Ask HN: Microsoft Bundled Operating System Refund? - dpapathanasiou

People have told me that it's possible to get a refund from Microsoft for a bundled operating system you didn't want.<p>How exactly do I go about doing that?<p>For the first time in a while, instead of building a desktop machine from components, I want to buy a compact desktop (the Asus Eee Box, to be exact), but it includes Microsoft XP, which I don't want.<p>Neither Asus nor the retailer will sell it to me without XP.<p>So if I do buy it, I'd want to ask Microsoft for a refund for XP.<p>IIRC, people who've done it said don't even turn on the computer before applying for the refund, and keep all the OS media sealed, so that it can be returned intact.<p>Does anyone here have experience with this, and is there anything else I'd need to do?
======
fractallyte
You should contact the manufacturer of the computer (not the reseller and not
Microsoft).

It's unlikely they'll just refund your money. You'll need to insist, and be
prepared to stand your ground - they will evade, and invent excuses.

Record all communication: phone calls ('This call may be recorded...' does not
state which party may record the call, so phone conversation is arguably fair
game!), letters, screenshots to demonstrate that you've removed Windows, etc.

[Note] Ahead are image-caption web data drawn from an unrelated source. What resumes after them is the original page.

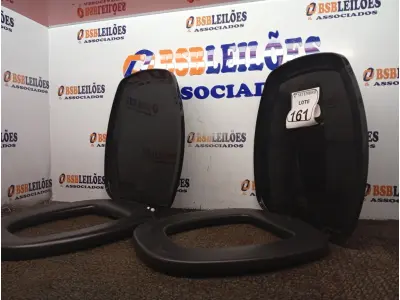 LOTE 161 - 02 ASSENTOS THEMA METASUL PRETO METASUL. (NO ESTADO) ATENÇÃO! FAZER A VISITAÇÃO ANTES DE ARREMATAR, NÃO SABEMOS SE FUNCIONA. LEILÃO NÃO TEM GARANTIA E NEM DEVOLUÇÃO, SUJEITO A POSSÍVEIS AVARIAS VISÍVEIS/OCULTAS E/OU AUSÊNCIA DE COMPONENTES.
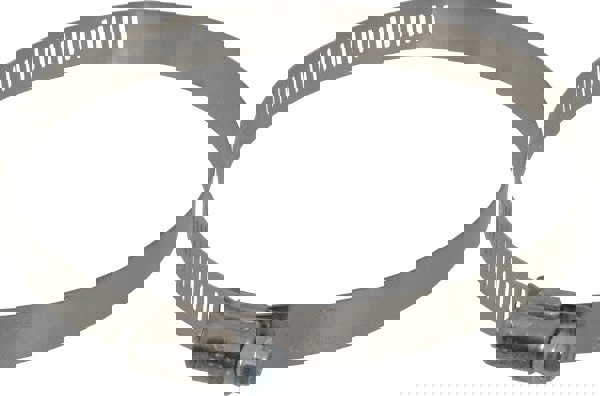 Worm Gear Clamp: SAE 64, 2-1/2 to 4-1/2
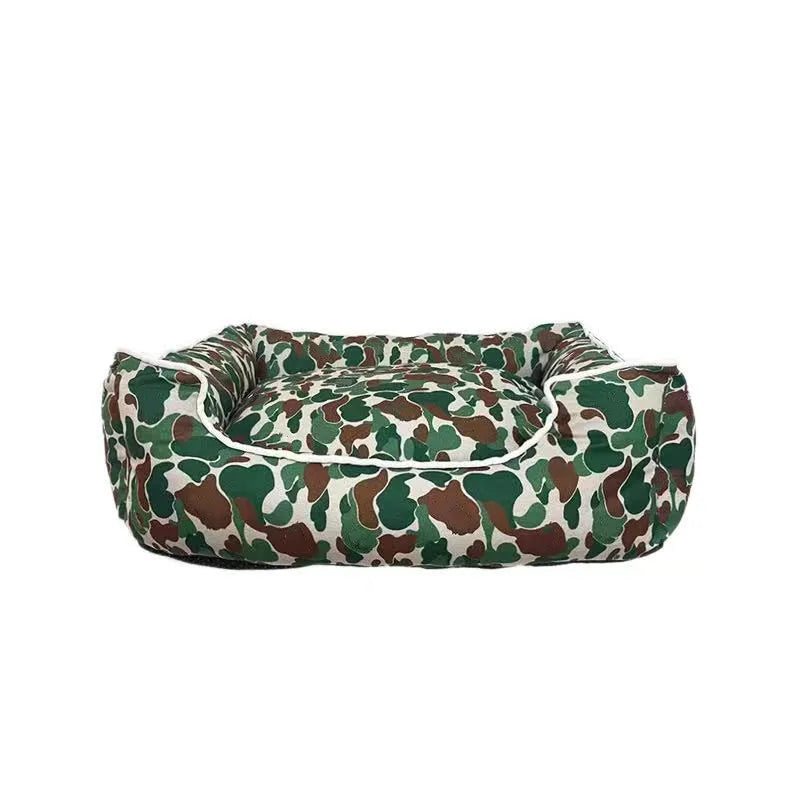 Camo Dog Bed
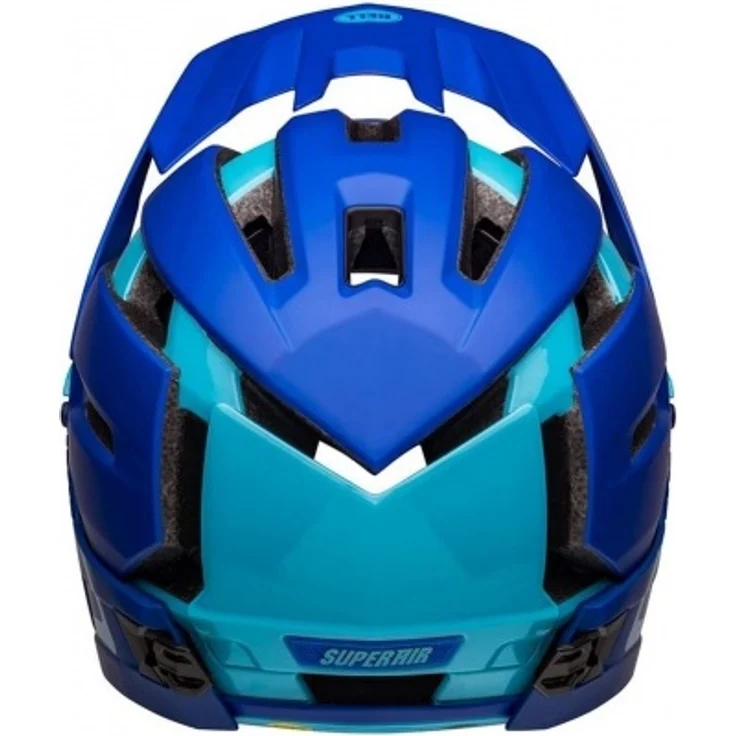Bell Super Air R Spherical Fahrradhelm - matte/gloss blue 58 - 62 cm – Bild 3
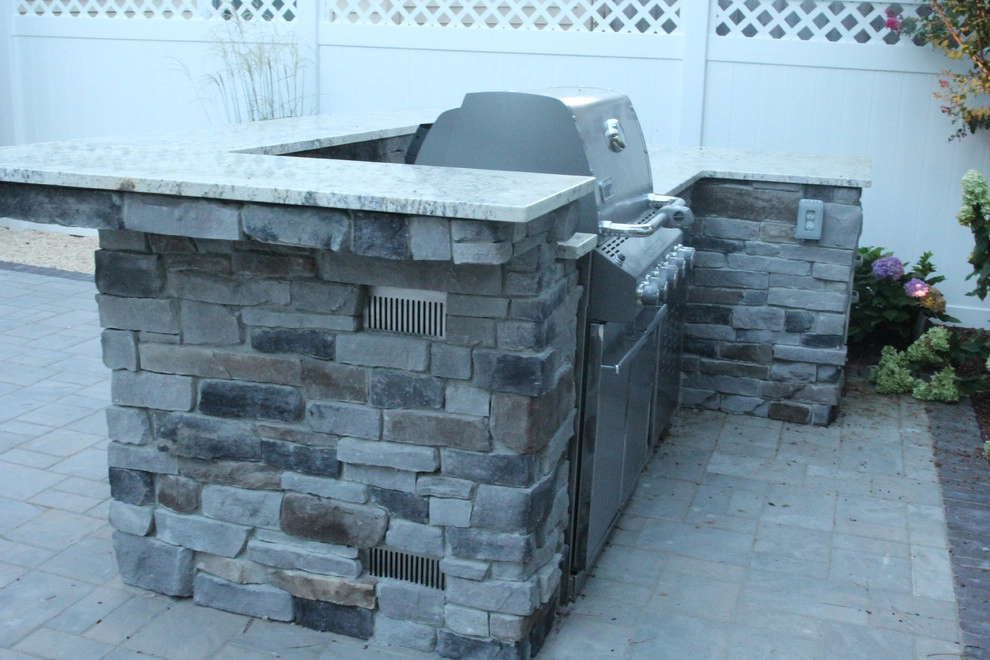 Beach Home New Landscape by L.B. Forcellati & Sons, Inc. - Photo 6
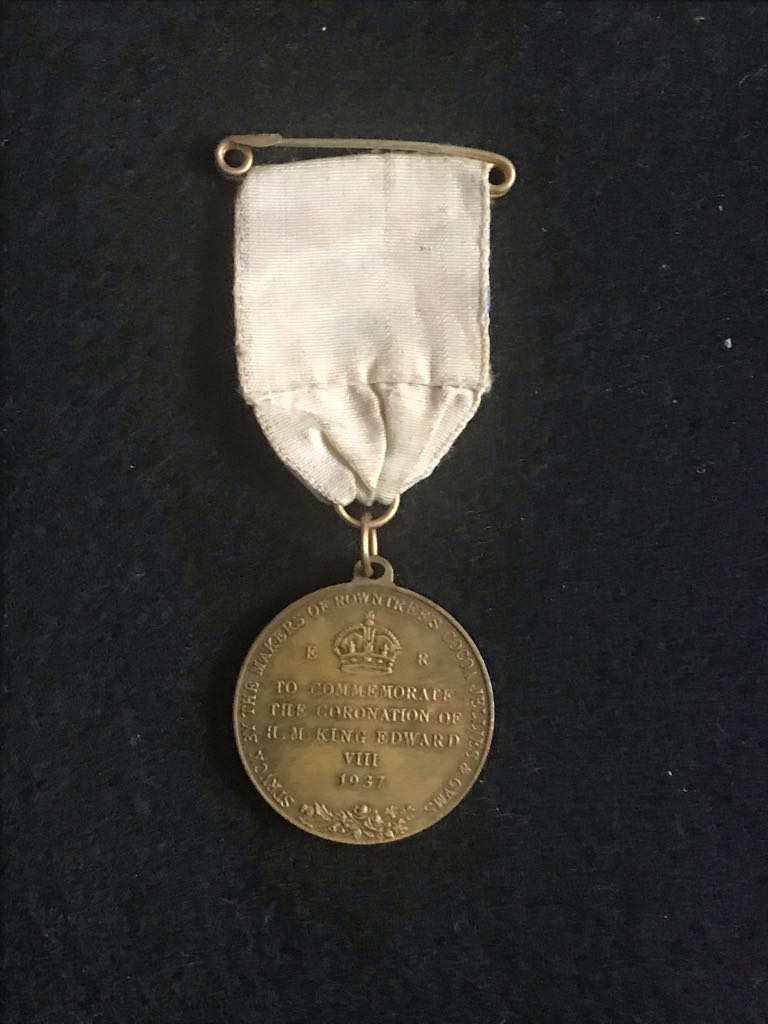 Edward VIII Coronation Medal  coin collectible - Main Image 2
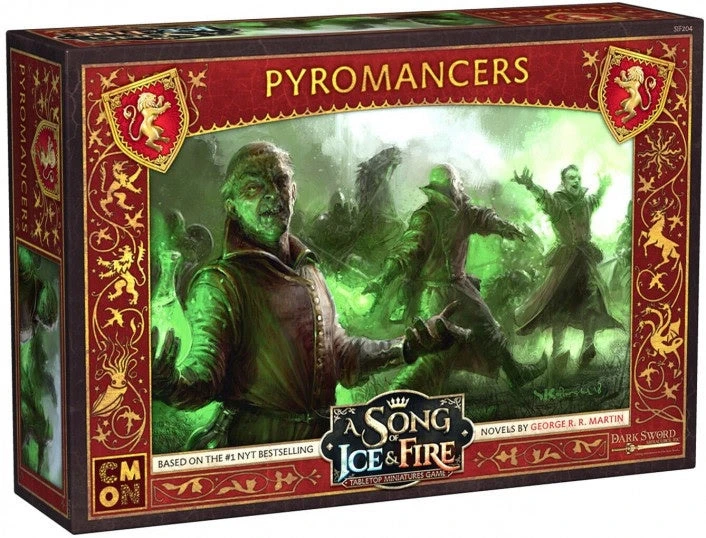 CMON A Song Of Ice And Fire TMG Pyromancers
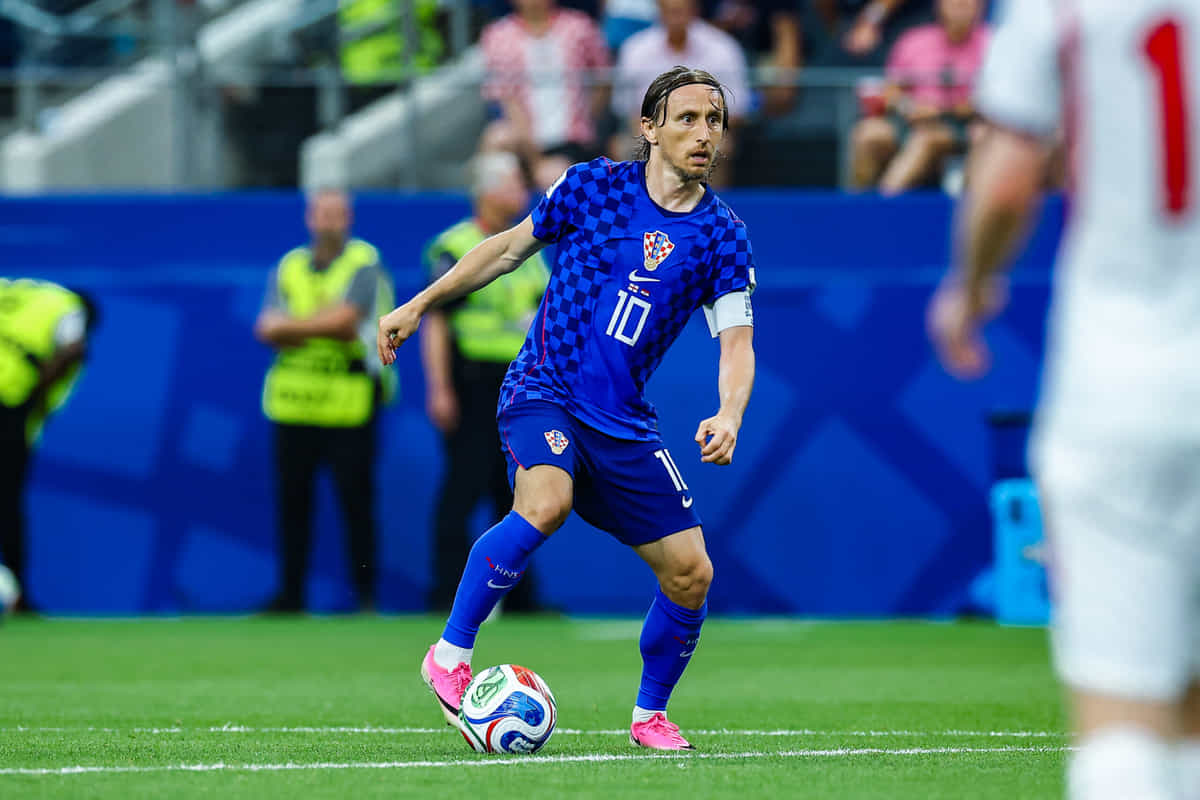 Croatia Luka Modric FIFA World Cup 2026
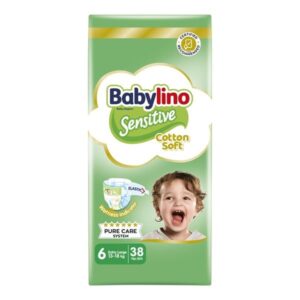 BABYLINO NAPPY 6 BIG 38PCS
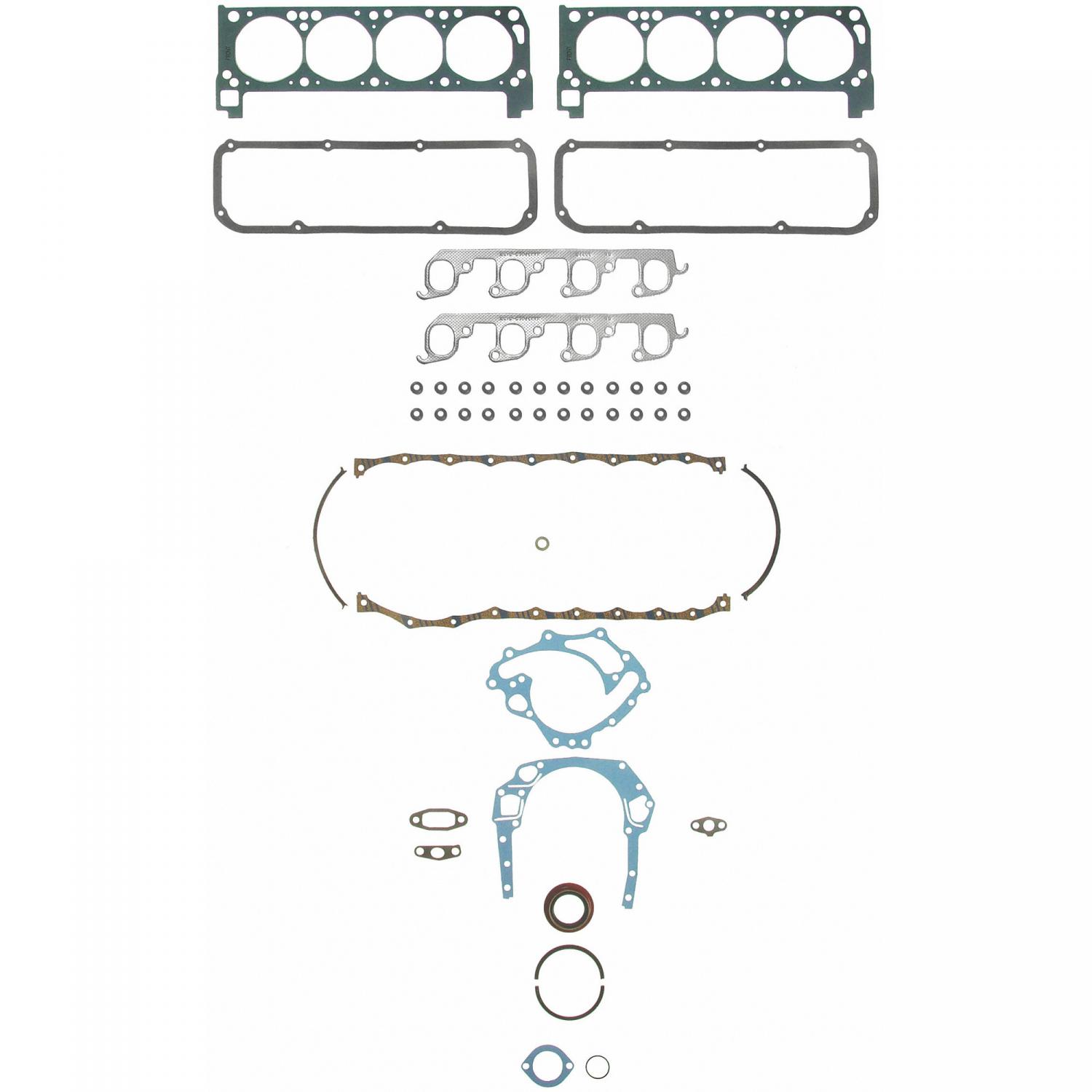 Fel-Pro KS2308 - Engine Gasket Set Fel-Pro KS2308 Engine Gasket Set product image 1 of 1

The legal background is this:the manufacturer is bundling their hardware with
a third party product ('tying'). In the UK (and EU) this violates the 1998
Competition Act, and gives you grounds to take the manufacturer to a Small
Claims Court.

There's a whole section in the Civil Procedure Rules devoted to competition
issues:
[http://www.justice.gov.uk/civil/procrules_fin/contents/pract...](http://www.justice.gov.uk/civil/procrules_fin/contents/practice_directions/competitionlaw_pd.htm)

Basically, you will need to inform the Office of Fair Trading about your case,
and apply to transfer the hearing to the from the usual County Court to the
Chancery Division. A county court is obligated to help with procedure (but
never advice), so don't be afraid to embark on such action yourself.

I'm involved in a similar action at the moment against Samsung. Unfortunately,
the Office of Fair Trading brushed aside my case, so I've made a formal
complaint against THEM. I'm pushing ahead carefully and intend to see this
through to the end.

Of course, these laws and procedures apply in the UK (and similarly throughout
the EU), but if you're in the US or elsewhere, there ought to be equivalents.

The most important thing to realise is this: you DO NOT need expensive legal
representation, and the anti-competition laws are designed to protect
consumers from these practices. It may be that the manufacturer will surrender
to your demands if they see you're serious.